It is stated that “Five Zang organs and six Fu organs make people cough, in addition to Lung.” in the 38th Chapter On cough of the volume Su Wen (Essential Questions) of the Huang-Di-Nei- Jing (Essential Questions of Yellow Emperor’s Inner Classic). This warning suggests that a TCM practitioner and an acupuncturist must consider the relationship of the other organs in treating cough based on the Five Elements theory to gain the whole picture of the etiology. Liver in the Five Elements theory refers to Wood while Lung is Metal to govern Qi in TCM. The meridian route of Liver indicates that the Liver meridian passes Lung and the insulting sequence that Liver can invade Lung explains that Liver can affect the functions of Lung with its failure in free flow of Qi to descend Lung qi, which can result in such symptoms as cough, dyspnea, and asthma. Blood regulation and dispersing stagnated Qi rely on the smooth flow of Liver qi [12,13]. Unfortunately, Liver qi stagnation, presented with the symptoms of swelling in the breast, frequent sighs, the tightness in the chest, tension in the epigastric region, the sensation of a lump in the throat called Plum Pit Qi, or sometimes stabbing pain in the hypochondriac region, is the extremely common TCM pattern in clinic and one of the pathological changes of Liver. The circulation of Qi is impeded with this change when Liver is depressed with the negative emotions like anger, worry, depression, and resentment [14,15]. Scientific studies of depression, which is understood to be the presentation of negative Shen in TCM, have shown that the neurotransmitter signaling in transforming macronutrients into molecules is dysregulated with the stagnated Liver qi.
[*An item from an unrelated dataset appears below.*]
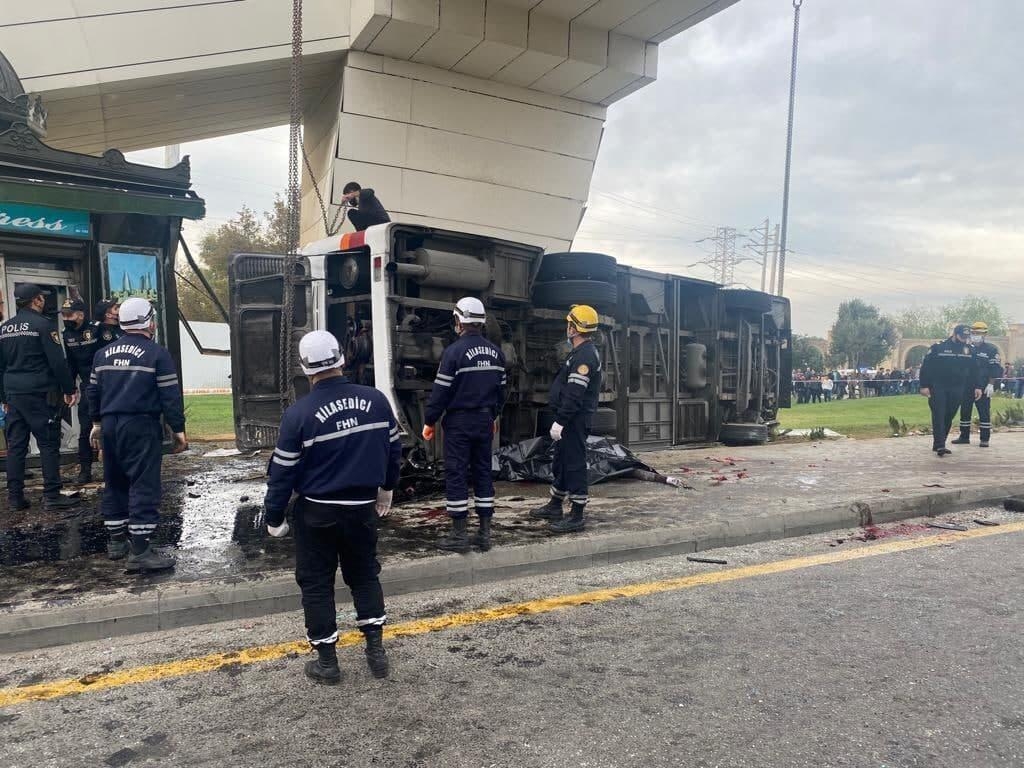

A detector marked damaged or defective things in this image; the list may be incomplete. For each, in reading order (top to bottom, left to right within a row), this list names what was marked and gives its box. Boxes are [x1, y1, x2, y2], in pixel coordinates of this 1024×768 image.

Stagnated Liver qi leads the molecules to be delivered insufficiently to the brain with the disrupted mitochondrial ATP production in neurons [16]. In addition, the failure in controlling the ratio of lymphocytes and granulocytes that can be seen as Yin and Yang by the autonomic nervous system is viewed as Liver qi stagnation [17]. On the other hand, the sympathetic nervous system controls the Natural Killer cell while the parasympathetic nervous system is assumed to be closely connected to the release of cytotoxic substances [18,19].

Discussion

The quotation “Qi is the commander of Blood and Blood acts as the mother of Qi” highlights the collaboration of Blood and Qi. Blood is seen as Yin and Qi can be classified into Yang, which can result in diseases when the imbalance of Yin-Yang occurs. Blood, produced with food qi (gu qi) by Spleen, circulates in the veins governed by Heart to nourish the organs and the systems. Blood, in addition to food qi, is also generated by the mother of Liver based on the Generating sequence Kidney, which stores prenatal Jing and produces marrow that generates to manufacture Blood. Qi circulates in the traditional twelve meridians to support the life, interacting with Blood for the Zang-Fu organs to function normally in harmony [20,21]. The studies on the relation between Qi in the twelve meridians and the oxygen metabolism highlight that one may be short of breath and experience wheezing or coughing when the normal level of blood oxygen is below, presenting the high similarity of physiological functions and pathological reactions between Qi and oxygen [22]. In other words, this suggested that oxygen, to some extent, is equivalent to Qi [23]. The Generating Sequence of the Five Elements theory shows Kidney is the mother of Liver, which suggests that Kidney’s problems can affect its child Liver. The maximum oxygen is delivered with the normal value of 45% of hematocrit [24]. Kidney produces Erythropoietin to promote the number of red blood cells to increase the capacity of the blood to carry more oxygen. In addition, the circulation of oxygen in the Kidney is closely associated with the production of Erythropoietin determined by tissue oxygen pressure [25]. In other words, stagnated Liver qi can be dispersed as long as Kidney can function normally with the delivery of the healthy Qi to Liver. In a word, the inflammation resulted from the infection can be reduced with much more oxygen delivered upwards with the blood to Lung.

Conclusion

Inductive logic thinking is the basis of the developments of TCM and acupuncture theories. TCM practitioners and acupuncturists must stick to the pattern identification developed based on Yin-Yang and the Five Elements theories that act as the two key principles in practice to the accurate diagnosis and the expected outcomes. With the collaboration of Liver and Kidney, it is suggested in this study that Qi may be viewed as oxygen in the blood and Kidney is the key to producing Qi, which makes Liver an anti-inflammatory role eventually to reduce the inflammation of the Lung. The integration of the western medicine and TCM has gained much more attention, which suggests that the trend may be the optimal choice for the public health system. However, how to link each other together needs more research and shows that there is a long way to go.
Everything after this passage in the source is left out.